De Minister van Buitenlandse Zaken,
D.M. van Weel
Fiche: Aanbeveling voor het openen van onderhandelingen met het VK over een sanitaire
en fytosanitaire ruimte en koppeling van emissiehandelssystemen
1. Algemene gegevens
a) Titel voorstel
Aanbeveling voor een besluit van de Raad houdende machtiging tot het openen van onderhandelingen
tussen de Europese Unie en het Verenigd Koninkrijk met betrekking tot een gemeenschappelijk
sanitair en fytosanitair gebied en koppeling van emissiehandelssystemen.
b) Datum ontvangst Commissiedocument
16 juli 2025
c) Nr. Commissiedocument
COM(2025) 408 final
d) EUR-Lex
EUR-Lex – 52025PC0408 – NL – EUR-Lex
e) Nr. impact assessment Commissie en Opinie
Niet opgesteld
f) Behandelingstraject Raad
Raad Algemene Zaken
g) Eerstverantwoordelijk ministerie
Ministerie van Buitenlandse Zaken in nauwe samenwerking met Ministerie van Klimaat
en Groene Groei en Ministerie van Landbouw, Visserij, Voedselzekerheid en Natuur
2. Essentie voorstel
In dit voorstel doet de Europese Commissie (hierna: de Commissie) een aanbeveling
aan de Raad tot goedkeuring van het openen van onderhandelingen met het Verenigd Koninkrijk
(VK). De aanbeveling ziet op de onderhandelingen over twee overeenkomsten, te weten
over een gezamenlijk sanitair en fytosanitair (SPS) gebied en over het koppelen van
de emissiehandelssystemen van het VK en de Europese Unie (EU). Een gezamenlijk SPS-gebied
zou handel vergemakkelijken in planten, dieren en daarvan afgeleide producten die
momenteel controles moeten ondergaan of waarvoor certificaten moeten worden afgegeven
om de SPS-status aan de grens te waarborgen.
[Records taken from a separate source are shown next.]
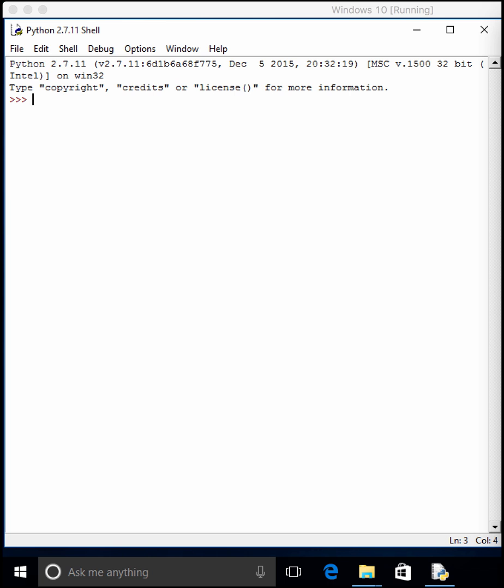In this episode, we will be looking at the package bbfreeze, which allows us to create binaries much like Py2EXE did in our previous video.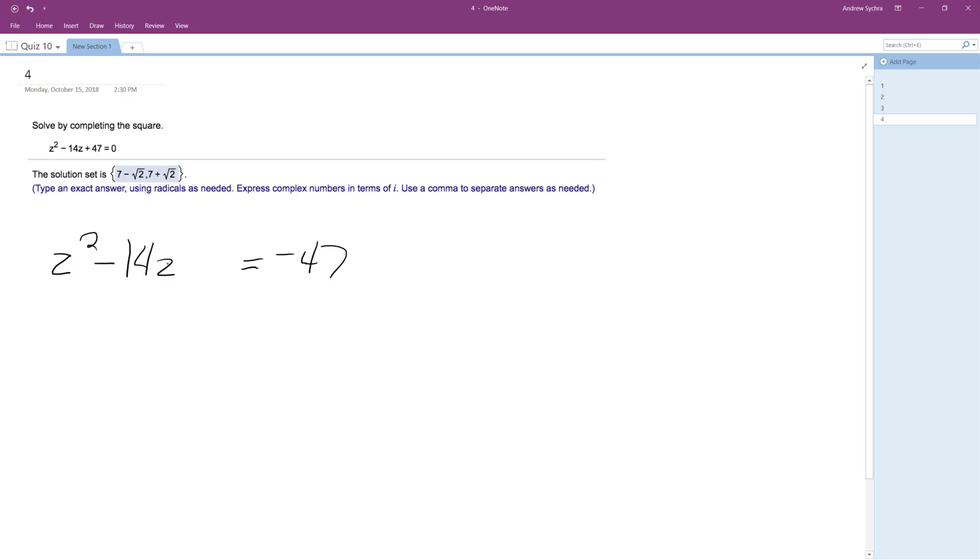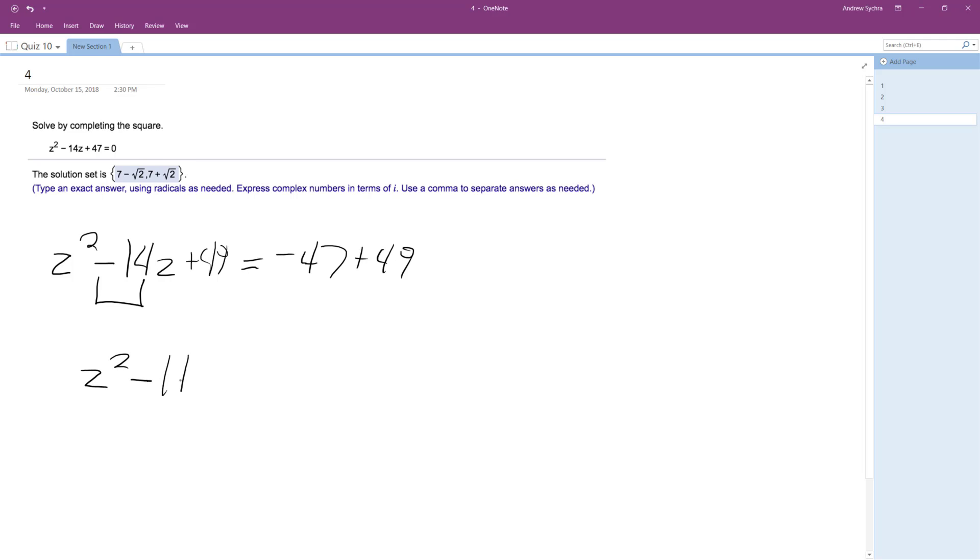And then completing the square, what I do is I take half of the b, or the middle term here, what would be the middle term, and I square it, so 1 half of 14 is negative 7. Negative 7 squared is 49. Add 49 to both sides.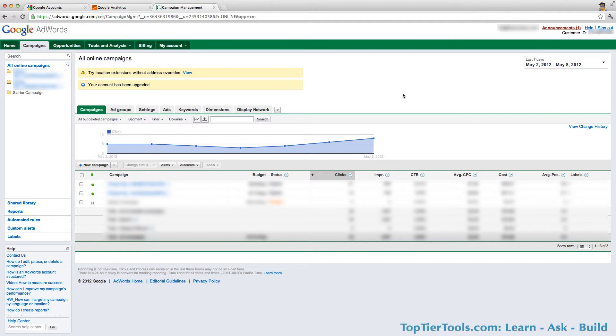Once you get this request to accept it, you log into your Google account, which you see here, your Google AdWords account.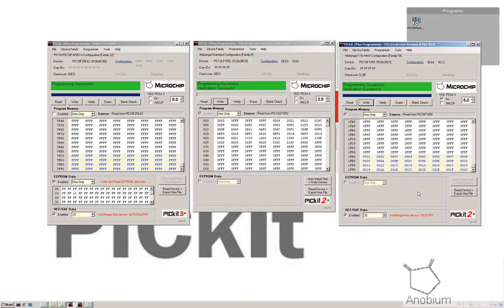So that's a quick flyby of PICkit Plus installation and basic usage. There'll be more.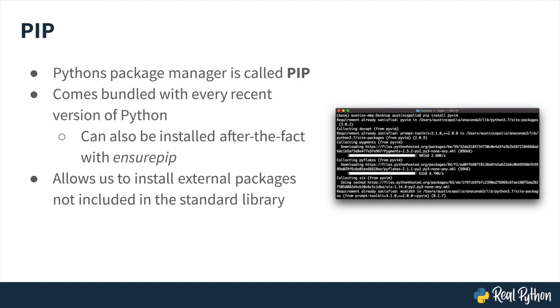Python's package manager is called pip and it comes bundled with every recent version of Python. You can also add it to an existing Python installation with a tool called EnsurePip. Pip allows us to install packages that don't come bundled with the Python standard library.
Door het koppelen van emissiehandelssystemen,
zou eenzelfde prijs gelden voor emissierechten in de sectoren die onder het Europees
emissiehandelssysteem (ETS-1) vallen met consequenties voor de toepassing van een
mechanisme voor koolstofgrenscorrectie (Carbon Border Adjustment Mechanism, CBAM)1.
Op 19 mei 2025. hielden de EU en het VK een eerste Top die in het teken stond van
een hernieuwd versterkt partnerschap.2 In een gezamenlijke verklaring herbevestigden zij gemeenschappelijke waarden, gedeelde
prioriteiten en hun toewijding aan het implementeren van het Terugtrekkingsakkoord,
waaronder het Windsor Raamwerk en de Handels- en Samenwerkingsovereenkomst3. Het VK en de Commissie presenteerden een zogenaamd Common Understanding, ofwel een verklaring over vervolgonderhandelingen ter versterking van de relatie.
In deze verklaring is de intentie vastgelegd om te onderhandelen over een gezamenlijk
SPS-gebied en het koppelen van emissiehandelssystemen. Tevens zijn hiervoor een aantal
uitgangspunten overeengekomen, waaronder dynamische overname van het relevante EU-acquis.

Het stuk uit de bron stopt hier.